Protokoll der Sitzung vom 30.08.2007

Meine Damen und Herren, was müsste geschehen, und welche Lösungsvorschläge liegen auf dem Tisch? Das sind zwei Anträge der CDU und der SPD, die beide – mir läuft die Zeit davon, um detaillierter damit umzugehen – versuchen, die kleinen Krücken, die die Landespolitik hat, durch andere Krücken in der Hoffnung zu ergänzen und zu ersetzen, dass man mit diesen kleinen Mitteln dieses große Problem wird lösen können. Man wird mit diesen Mitteln zwangsläufig scheitern müssen, wenn man es nicht schafft, auf Bundesebene eine Gesundheitspolitik zu machen, mit der man die Attraktivität dieses Berufsstands tatsächlich wieder gewinnt.

(Glocke der Präsidentin)

Meine Damen und Herren, es ist ein Stück Heuchelei auch in Richtung unserer gesundheitspolitischen Freunde von der CDU zu behaupten, in Berlin ist alles in Ordnung, und glauben zu machen, in Rheinland-Pfalz das lösen zu können, was in Berlin in der großen Gesundheitspolitik verbockt wurde.

(Beifall der FDP)

Weil das so ist,

(Glocke der Präsidentin)

verzichten wir zu diesem Zeitpunkt auf einen Antrag, der ebenfalls nichts bewirken könnte.

Ich danke Ihnen.

(Beifall bei der FDP)

Ich begrüße als Gäste Mitglieder der Arbeiterwohlfahrt Kreis Altenkirchen und die Jugend- und AuszubildendenVertretung der Kreisverwaltung Bad Kreuznach. Herzlich willkommen im Landtag!

(Beifall im Hause)

Für die SPD-Fraktion erteile ich Abgeordneter Frau Ebli das Wort.

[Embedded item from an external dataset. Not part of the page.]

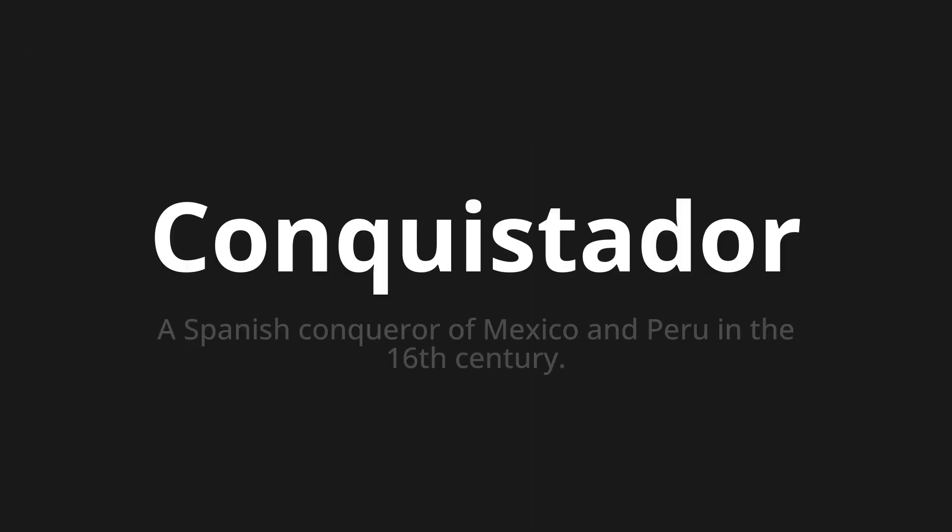Welcome to this pronunciation video. Today, we will be focusing on a new word that you might find challenging or intriguing. Let's dive into today's word: Conquistador, which means a Spanish conqueror of Mexico and Peru in the 16th century. Let's say it all together.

Frau Präsidentin, meine sehr gehrten Damen und Herren! Ich würde gern auf Herrn Dr. Schmitz eingehen, der in seinen letzten Worten der CDU vorwirft, sie versuche, in Rheinland-Pfalz alles madig zu machen, und sage, bei der Bundesregierung wäre alles in Ordnung. Herr Dr. Schmitz macht Ausführungen ohne Vorschläge, weil die FDP weder hier noch in Berlin in der Verantwortung steht. Das ist eine leichte Position.

(Beifall bei der SPD – Zurufe von der FDP: Buh!)

Meine sehr geehrten Damen und Herren, im Grunde genommen können wir die gleiche Debatte führen, wie wir sie, lieber Herr Creutzmann, bereits im April geführt haben, außer dass wir aufgrund der Großen Anfrage der FDP das schwarz auf weiß haben, was wir eigentlich auch schon im April wussten. Ich könnte mich den Ausführungen meiner Kollegin Grosse, die im April dazu gesprochen hat, nahtlos anschließen und bräuchte überhaupt nichts zu ergänzen; denn es gibt keine neuen Erkenntnisse.

Herr Dr. Schmitz, wir haben in unserem Land eine gute Versorgung. Wir haben eine gute Versorgungsstruktur von Ärztinnen und Ärzten. Die Anzahl der Ärztinnen und Ärzte ist in den letzten Jahren im ambulanten Bereich kontinuierlich angestiegen. Von 1979 – ich gebe zu, das ist bis heute eine lange Zeitspanne – hat sich die Anzahl der niedergelassenen Ärzte bis zum heutigen Zeitpunkt verdoppelt.

Sehr geehrter Herr Dr. Schmitz, das ist so.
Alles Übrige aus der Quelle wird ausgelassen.